## Data shown
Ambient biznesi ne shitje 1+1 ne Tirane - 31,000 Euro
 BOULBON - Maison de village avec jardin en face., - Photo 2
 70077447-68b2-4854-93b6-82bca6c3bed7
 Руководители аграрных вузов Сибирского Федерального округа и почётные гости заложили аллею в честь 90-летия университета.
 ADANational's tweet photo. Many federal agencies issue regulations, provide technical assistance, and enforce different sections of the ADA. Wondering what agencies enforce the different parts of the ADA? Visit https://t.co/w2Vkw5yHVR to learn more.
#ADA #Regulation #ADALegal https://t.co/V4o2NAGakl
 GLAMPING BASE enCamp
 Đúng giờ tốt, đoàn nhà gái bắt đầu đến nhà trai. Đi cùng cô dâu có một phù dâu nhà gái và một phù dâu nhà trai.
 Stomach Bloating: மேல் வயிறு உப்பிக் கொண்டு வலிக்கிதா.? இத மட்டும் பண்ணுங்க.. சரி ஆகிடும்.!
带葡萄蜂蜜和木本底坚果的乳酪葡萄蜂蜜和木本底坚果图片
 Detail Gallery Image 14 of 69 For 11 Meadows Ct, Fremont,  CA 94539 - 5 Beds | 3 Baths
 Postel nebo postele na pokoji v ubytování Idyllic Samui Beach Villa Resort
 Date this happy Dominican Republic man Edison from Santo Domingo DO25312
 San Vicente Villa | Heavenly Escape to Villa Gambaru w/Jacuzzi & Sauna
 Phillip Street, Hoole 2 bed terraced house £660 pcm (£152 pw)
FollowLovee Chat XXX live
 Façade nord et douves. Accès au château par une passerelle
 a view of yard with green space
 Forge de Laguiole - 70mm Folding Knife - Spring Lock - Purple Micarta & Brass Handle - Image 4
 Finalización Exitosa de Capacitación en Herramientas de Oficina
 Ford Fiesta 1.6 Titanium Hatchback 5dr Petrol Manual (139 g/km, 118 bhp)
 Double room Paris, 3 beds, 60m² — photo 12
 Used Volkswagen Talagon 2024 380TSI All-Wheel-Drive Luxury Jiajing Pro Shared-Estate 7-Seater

## About this exercise
Every line containing the word "https" must be copied from the material above.

## Reply
 ADANational's tweet photo. Many federal agencies issue regulations, provide technical assistance, and enforce different sections of the ADA. Wondering what agencies enforce the different parts of the ADA? Visit https://t.co/w2Vkw5yHVR to learn more.
#ADA #Regulation #ADALegal https://t.co/V4o2NAGakl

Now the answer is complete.